Etiology, pathogenesis and management of thoracic aortic aneurysm.

作者信息

Ince Hüseyin, Nienaber Christoph A

机构信息

Division of Cardiology, University Hospital Rostock, Rostock School of Medicine, Rostock, Germany.

出版信息

Nat Clin Pract Cardiovasc Med. 2007 Aug;4(8):418-27. doi: 10.1038/ncpcardio0937.

Abstract

Given the growing proportion of elderly people in Western societies and the increasing prevalence of chronic hypertension, the management of aneurysmal aortic disease is an ever growing challenge.
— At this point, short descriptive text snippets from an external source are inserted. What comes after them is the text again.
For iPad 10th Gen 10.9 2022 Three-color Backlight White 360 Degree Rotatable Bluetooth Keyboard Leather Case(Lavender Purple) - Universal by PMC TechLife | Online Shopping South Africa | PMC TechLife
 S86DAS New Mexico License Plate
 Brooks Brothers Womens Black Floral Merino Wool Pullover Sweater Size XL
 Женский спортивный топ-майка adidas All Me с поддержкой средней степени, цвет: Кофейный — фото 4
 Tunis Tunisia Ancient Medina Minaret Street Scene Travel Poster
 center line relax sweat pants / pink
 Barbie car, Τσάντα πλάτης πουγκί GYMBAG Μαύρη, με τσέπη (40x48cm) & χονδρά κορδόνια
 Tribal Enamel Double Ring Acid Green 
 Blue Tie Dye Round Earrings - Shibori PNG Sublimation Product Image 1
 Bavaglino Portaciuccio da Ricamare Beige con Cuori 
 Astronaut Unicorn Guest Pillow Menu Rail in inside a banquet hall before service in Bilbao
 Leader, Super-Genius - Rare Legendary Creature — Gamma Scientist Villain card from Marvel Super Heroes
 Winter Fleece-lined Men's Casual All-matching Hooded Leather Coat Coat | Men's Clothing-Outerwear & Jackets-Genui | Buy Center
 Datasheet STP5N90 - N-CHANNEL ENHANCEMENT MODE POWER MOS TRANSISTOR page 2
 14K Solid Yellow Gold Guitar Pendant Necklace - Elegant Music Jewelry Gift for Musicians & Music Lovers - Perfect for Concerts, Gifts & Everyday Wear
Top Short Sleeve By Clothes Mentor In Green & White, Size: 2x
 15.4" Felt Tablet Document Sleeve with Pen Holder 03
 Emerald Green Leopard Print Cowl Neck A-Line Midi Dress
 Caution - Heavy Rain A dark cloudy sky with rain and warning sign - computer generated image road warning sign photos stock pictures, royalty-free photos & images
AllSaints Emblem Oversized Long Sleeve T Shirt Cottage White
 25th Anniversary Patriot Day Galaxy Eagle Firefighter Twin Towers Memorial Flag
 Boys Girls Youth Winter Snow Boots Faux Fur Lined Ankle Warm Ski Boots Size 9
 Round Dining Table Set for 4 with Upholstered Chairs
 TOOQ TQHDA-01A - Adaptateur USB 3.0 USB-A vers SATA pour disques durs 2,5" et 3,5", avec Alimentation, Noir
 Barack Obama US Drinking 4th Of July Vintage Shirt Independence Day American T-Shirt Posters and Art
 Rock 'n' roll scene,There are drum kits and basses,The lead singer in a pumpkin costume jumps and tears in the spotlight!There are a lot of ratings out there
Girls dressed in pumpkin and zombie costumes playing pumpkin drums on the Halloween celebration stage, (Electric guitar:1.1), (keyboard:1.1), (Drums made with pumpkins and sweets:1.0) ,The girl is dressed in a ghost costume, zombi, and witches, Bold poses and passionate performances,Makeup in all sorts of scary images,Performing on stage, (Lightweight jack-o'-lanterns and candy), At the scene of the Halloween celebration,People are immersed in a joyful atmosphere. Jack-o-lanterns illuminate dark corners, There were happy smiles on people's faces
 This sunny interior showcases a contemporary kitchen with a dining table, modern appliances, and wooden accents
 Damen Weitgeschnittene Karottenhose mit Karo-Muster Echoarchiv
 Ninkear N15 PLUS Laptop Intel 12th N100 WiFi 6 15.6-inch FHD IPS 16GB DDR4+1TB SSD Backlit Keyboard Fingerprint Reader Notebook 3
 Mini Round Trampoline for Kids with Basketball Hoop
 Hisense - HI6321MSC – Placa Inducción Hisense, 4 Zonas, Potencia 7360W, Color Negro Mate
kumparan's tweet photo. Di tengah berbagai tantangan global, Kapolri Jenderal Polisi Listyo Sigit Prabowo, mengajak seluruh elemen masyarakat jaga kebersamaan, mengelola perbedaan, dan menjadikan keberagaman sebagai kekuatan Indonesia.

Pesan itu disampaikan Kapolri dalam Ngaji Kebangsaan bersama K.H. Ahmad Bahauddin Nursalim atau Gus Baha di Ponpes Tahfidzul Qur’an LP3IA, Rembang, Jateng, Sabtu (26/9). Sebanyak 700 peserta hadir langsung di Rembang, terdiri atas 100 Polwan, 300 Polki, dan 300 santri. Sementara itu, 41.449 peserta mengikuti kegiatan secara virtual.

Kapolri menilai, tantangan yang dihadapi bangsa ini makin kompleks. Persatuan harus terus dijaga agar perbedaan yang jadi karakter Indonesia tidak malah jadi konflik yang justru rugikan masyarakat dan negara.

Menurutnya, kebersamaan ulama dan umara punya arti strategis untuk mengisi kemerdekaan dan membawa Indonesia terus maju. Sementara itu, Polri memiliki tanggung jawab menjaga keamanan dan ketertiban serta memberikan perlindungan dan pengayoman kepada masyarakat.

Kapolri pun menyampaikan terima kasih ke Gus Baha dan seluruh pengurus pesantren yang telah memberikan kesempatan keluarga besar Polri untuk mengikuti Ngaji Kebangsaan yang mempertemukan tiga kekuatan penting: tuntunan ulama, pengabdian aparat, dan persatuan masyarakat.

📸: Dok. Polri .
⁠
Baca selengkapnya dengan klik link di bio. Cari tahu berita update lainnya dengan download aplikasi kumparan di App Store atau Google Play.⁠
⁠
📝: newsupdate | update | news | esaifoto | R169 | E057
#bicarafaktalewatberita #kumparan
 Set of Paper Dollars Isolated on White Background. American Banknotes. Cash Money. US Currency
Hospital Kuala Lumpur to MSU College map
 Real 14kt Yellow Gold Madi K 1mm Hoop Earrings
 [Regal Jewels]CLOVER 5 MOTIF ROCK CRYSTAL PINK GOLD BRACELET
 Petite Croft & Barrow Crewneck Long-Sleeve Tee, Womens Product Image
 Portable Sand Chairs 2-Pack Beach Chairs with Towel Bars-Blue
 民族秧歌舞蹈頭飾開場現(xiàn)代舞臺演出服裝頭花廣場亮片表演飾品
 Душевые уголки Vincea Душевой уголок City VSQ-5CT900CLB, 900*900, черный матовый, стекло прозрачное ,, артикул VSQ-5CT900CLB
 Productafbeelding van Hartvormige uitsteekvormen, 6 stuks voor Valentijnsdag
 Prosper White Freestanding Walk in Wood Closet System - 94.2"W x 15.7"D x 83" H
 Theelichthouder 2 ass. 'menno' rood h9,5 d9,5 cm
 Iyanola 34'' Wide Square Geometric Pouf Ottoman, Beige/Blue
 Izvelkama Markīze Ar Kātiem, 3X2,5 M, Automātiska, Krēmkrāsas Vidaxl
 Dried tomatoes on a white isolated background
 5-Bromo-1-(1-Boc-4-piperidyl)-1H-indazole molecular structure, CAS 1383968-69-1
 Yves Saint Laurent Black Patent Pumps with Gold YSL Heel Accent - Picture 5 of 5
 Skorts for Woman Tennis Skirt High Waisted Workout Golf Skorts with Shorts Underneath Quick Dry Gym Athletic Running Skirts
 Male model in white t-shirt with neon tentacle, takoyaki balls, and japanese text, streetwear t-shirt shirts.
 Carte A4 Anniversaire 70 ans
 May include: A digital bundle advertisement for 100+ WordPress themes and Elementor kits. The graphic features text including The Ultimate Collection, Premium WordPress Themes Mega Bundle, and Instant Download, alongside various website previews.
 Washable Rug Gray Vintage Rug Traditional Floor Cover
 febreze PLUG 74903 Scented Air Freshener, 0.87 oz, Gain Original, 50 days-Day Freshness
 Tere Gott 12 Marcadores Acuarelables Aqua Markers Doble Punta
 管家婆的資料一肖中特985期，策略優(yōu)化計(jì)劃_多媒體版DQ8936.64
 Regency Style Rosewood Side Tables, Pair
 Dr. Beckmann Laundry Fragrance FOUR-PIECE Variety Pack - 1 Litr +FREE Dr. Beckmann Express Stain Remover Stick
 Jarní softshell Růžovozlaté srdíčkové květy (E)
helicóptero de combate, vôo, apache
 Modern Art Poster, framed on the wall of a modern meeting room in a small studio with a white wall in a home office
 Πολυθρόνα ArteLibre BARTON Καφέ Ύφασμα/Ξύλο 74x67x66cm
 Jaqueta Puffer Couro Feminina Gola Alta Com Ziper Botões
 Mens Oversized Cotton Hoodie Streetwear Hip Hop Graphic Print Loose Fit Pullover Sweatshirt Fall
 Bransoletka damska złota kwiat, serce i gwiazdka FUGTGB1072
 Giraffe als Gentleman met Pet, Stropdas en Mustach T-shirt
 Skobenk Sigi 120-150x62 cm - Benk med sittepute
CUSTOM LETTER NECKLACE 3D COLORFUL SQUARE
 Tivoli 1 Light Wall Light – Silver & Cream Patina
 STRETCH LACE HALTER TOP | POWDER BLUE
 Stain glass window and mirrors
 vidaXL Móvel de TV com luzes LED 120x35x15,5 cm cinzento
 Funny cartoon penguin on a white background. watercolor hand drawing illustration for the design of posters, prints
Although degenerative changes in the aortic wall are common to thoracic aortic aneurysm (TAA) and to various types of dissection in general, TAA can result from specific heritable disorders of connective tissues. Today, increased awareness of vascular diseases and access to tomographic imaging equipment facilitate the diagnosis of TAA, even when asymptomatic. While most TAA cases with ascending aortic involvement are treated with surgical repair (primarily valve-preserving techniques), aneurysms of the distal arch and descending thoracic aorta are amenable to alternatives to classic open repair such as the emerging endovascular treatment techniques. In this Review, we provide a comprehensive overview of the etiology, pathophysiology and clinical management of patients with TAA, and discuss the most recent literature on the condition.

摘要

鉴于西方社会老年人口比例不断增加以及慢性高血压患病率不断上升,动脉瘤性主动脉疾病的管理面临着日益严峻的挑战。尽管主动脉壁的退行性变是胸主动脉瘤(TAA)和一般各种类型夹层的共同特征,但TAA可能由结缔组织的特定遗传性疾病引起。如今,对血管疾病认识的提高以及断层成像设备的普及,即使在无症状的情况下也有助于TAA的诊断。虽然大多数累及升主动脉的TAA病例采用手术修复治疗(主要是保留瓣膜技术),但远端主动脉弓和降主动脉的动脉瘤适合采用经典开放修复的替代方法,如新兴的血管内治疗技术。在本综述中,我们全面概述了TAA患者的病因、病理生理学和临床管理,并讨论了有关该疾病的最新文献。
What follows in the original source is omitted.